The health care summit has now been underway for almost 3 hours. President Obama established in his opening statement what he hoped would come of the summit, which was to reach agreement on areas of commonality in the need for health care reform. The President, as well as a number of the Democratic speakers, has stressed these commonalities. The message is, of course, we both have the same goals and our bill meets these goals, so what is the problem?
The Republicans are having none of it. They showed up to reject the Democratic bill and present their own alternatives. They came heavily armed with facts and figures (some of them plausible, some not), and are in a constant attack mode. By and large this attack has to do with substance, although in some instances, notably John McCain’s speech, it is an attack on process as well. They see the bill as a Washington takeover of the health care system, and they are vehemently opposed.
The Democrats are by and large not engaging these attacks. Rather they are telling stories about how their constituents are suffering under the current health care system, and, like the President, stressing how their legislation embraces Republican ideas. It is a pity that they are not more aggressively engaging the Republican claims, because they could convincingly do so.

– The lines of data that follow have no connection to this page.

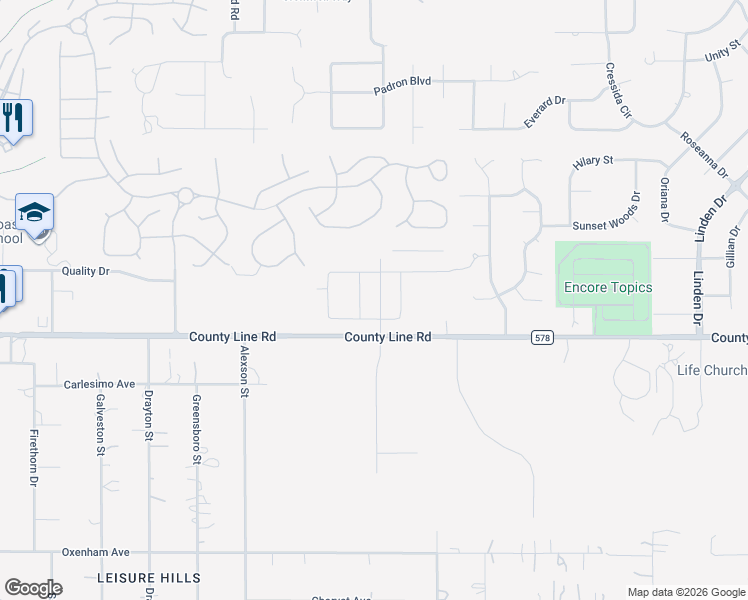 map of restaurants, bars, coffee shops, grocery stores, and more near 73 Rain Lily Avenue in Spring Hill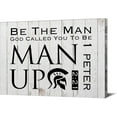 thumbnail image 1 of HFDF Christian Canvas Wall Art Man Up! Be The Man God Called You To Be 1 Peter 2:21 Bible Poster Print Canvas Painting Picture Sign Home Decoration 24x16inch Framed, 1 of 3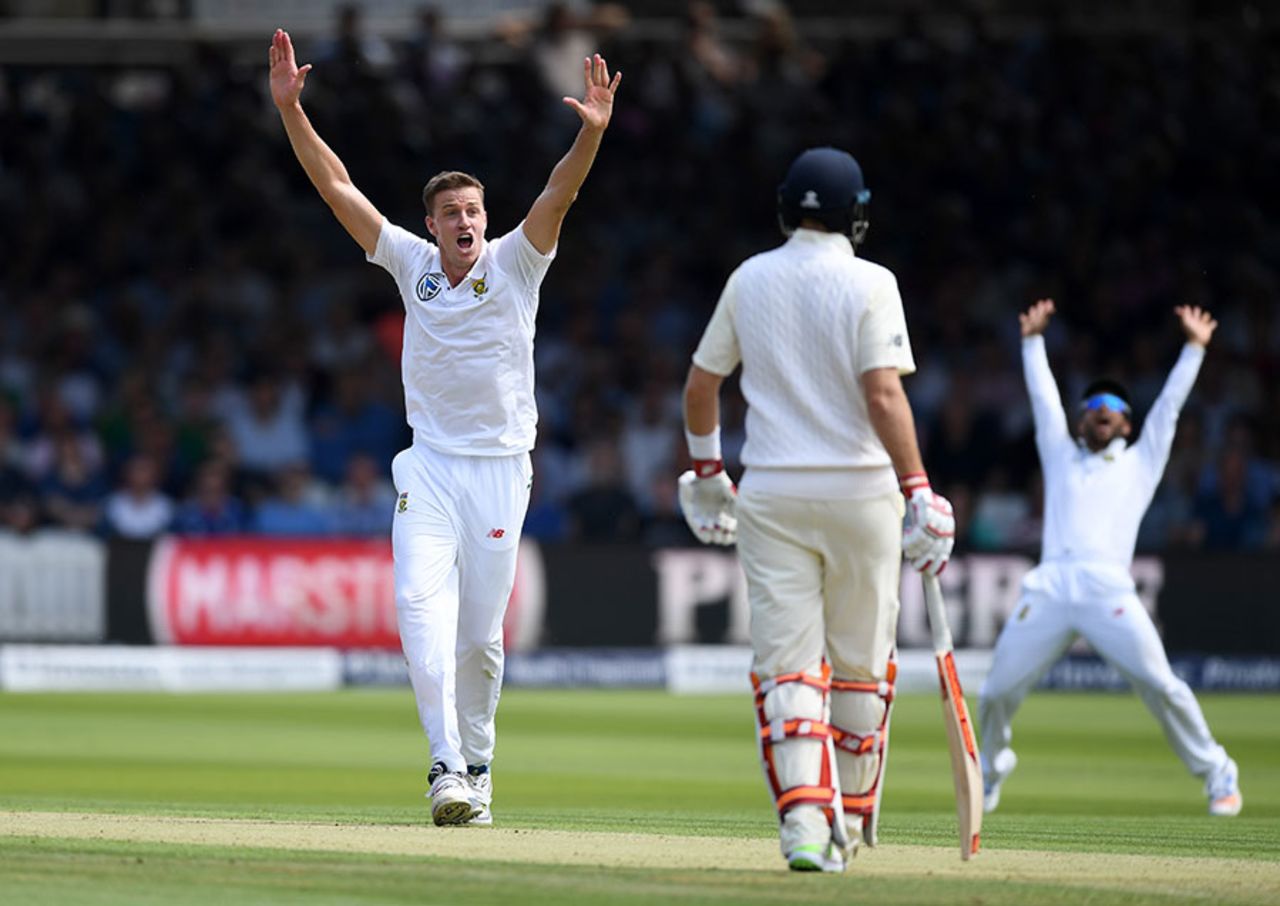 Morne Morkel pinned Gary Ballance lbw during South Africa's productive morning, England v South Africa, 1st Investec Test, Lord's, 1st day, July 6, 2017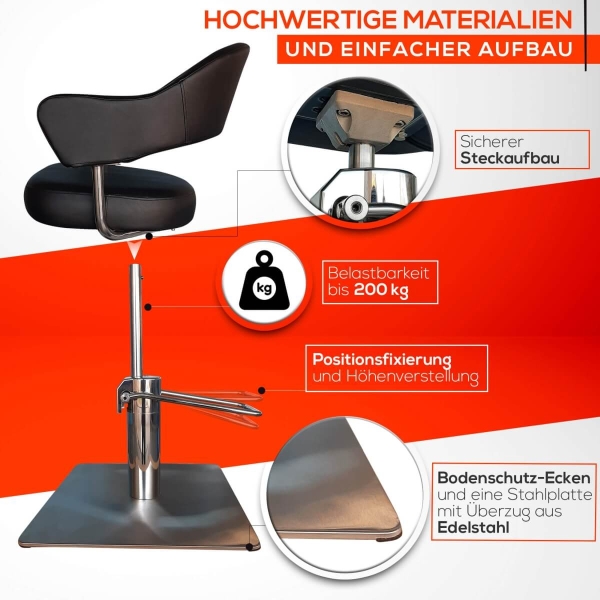 Friseurstuhl höhenverstellbar - Bodenplatte aus Edelstahl, Friseursessel, Friseureinrichtung Design 3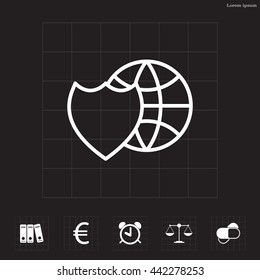 shield icon with a world globe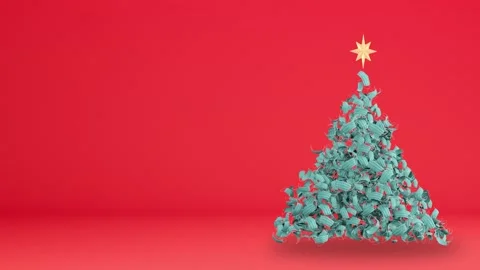 Christmas tree made of protective masks with red background copy space Stock Footage 144449572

The Republicans, for example, repeatedly come back to the issue of malpractice, a theme that plays well in the United States where the public has long since accepted as a fact that malpractice and consequent defensive medicine are major cost drivers. David Camp noted that the Congressional Budget Office concluded that the Republican changes in malpractice law, which basically make it harder for injured people to sue, would save $50 billion over 10 years. What he did not say was that this is a half a percent of the total costs over that period, two days of health care costs per year. He threw out larger figures from other sources, but these figures are not only contrary to unbiased research in this area, but also are belied by the fact that California and Texas have already adopted the Republican reforms and are not experiencing health care costs dramatically lower than the rest of the country. Where was McAllen again?
Interstate Insurance Sales, Association Health Plans, And High-Risk Pools
Interstate sales of health insurance, another Republican proposal, are fine, and are encompassed in the Democratic bill, but subject to consumer protection regulation. You cannot simply buy auto or homeowners insurance from any state in the country, but only from insurers licensed in your own state. The same thing is true of health insurance. MEWAs for a time permitted unregulated sales of insurance and the result was serious fraud problems. As the President’s ACME insurance example shows, just because something calls itself an insurance company doesn’t really mean it will be there when you need it. State insurance commissioners oppose unregulated interstate sales because they are a recipe for disaster.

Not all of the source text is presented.